Quelle: congress.gov
Übersetzung:
„Der CLOUD Act änderte den Stored Communications Act (SCA), um klarzustellen, dass Dienstanbieter Daten, die sich in ihrem Besitz, ihrer Obhut oder unter ihrer Kontrolle befinden, offenlegen müssen – selbst wenn die Daten im Ausland gespeichert sind.“
Amazon Web Services (AWS) zur Anwendung des CLOUD Act
Originaltext (AWS Compliance Statement):
“The CLOUD Act updated the Stored Communications Act (SCA) … to require that providers subject to U.S. jurisdiction disclose data … even if that data is stored outside of the U.S.”
Übersetzung:
„Der CLOUD Act aktualisierte den Stored Communications Act (SCA) … und verpflichtet Anbieter, die der US-Jurisdiktion unterliegen, Daten offenzulegen – auch wenn diese Daten außerhalb der USA gespeichert sind.“
Verbindung zur E-ID und Smartphones
Damit wird klar:
- E-ID-Daten mögen technisch „auf dem Gerät“ gespeichert sein – das Gerät selbst läuft aber auf Betriebssystemen von Apple oder Google.

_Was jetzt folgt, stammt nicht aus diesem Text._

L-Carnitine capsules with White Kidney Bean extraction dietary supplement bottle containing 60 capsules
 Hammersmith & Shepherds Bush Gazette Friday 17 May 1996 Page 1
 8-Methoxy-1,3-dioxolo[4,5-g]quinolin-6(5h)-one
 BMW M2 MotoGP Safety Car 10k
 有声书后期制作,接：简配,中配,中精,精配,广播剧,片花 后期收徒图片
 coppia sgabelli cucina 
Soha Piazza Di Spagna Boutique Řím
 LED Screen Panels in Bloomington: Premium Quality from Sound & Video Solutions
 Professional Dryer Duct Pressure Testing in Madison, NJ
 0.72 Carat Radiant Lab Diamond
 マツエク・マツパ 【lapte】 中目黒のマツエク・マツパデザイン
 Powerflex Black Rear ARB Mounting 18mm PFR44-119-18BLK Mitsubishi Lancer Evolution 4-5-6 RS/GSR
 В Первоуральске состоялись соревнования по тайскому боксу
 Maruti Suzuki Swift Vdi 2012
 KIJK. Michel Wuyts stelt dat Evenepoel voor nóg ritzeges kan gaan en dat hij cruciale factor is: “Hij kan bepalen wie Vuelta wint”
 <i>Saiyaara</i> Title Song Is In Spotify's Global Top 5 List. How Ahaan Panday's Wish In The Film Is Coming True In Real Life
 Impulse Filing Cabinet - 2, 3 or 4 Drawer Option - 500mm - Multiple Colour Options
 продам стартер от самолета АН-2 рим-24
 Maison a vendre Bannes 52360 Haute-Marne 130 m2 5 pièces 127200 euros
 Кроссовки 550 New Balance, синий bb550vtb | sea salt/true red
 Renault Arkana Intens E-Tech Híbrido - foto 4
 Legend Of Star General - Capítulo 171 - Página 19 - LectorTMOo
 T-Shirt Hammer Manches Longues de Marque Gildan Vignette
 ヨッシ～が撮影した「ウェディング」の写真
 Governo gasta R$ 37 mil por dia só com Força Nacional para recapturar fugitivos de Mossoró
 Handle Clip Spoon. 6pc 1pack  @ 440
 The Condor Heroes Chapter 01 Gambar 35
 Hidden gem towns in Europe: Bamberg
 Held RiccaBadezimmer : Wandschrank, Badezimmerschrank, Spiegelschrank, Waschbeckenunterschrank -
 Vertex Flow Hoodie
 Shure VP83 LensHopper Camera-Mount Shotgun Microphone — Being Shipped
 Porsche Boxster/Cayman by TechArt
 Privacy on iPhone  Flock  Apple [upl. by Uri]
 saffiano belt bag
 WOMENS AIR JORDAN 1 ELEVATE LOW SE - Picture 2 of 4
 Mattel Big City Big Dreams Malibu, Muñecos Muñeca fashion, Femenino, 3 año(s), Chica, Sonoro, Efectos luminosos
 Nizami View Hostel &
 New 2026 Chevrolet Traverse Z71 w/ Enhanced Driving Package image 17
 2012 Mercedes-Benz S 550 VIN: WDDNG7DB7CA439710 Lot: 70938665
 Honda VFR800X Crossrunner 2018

- Updates, App-Verteilung, Push-Dienste, Schnittstellen zu Cloud-Diensten → alles wird über US-Plattformen kontrolliert.
- Microsoft Windows auf PCs fällt ebenso unter den CLOUD Act.
Das bedeutet: Egal ob in Zürich, Berlin oder Singapur – sobald deine E-ID oder digitale Identität auf einem Gerät von Apple, Google oder Microsoft läuft, können US-Behörden über diese Gesetze an deine Daten gelangen.
Jetzt gibt Befürworter, die sagen, ja, aber das macht Big-Tech jetzt schon. Das ist richtig, aber jetzt wird es staatlich bestätigt.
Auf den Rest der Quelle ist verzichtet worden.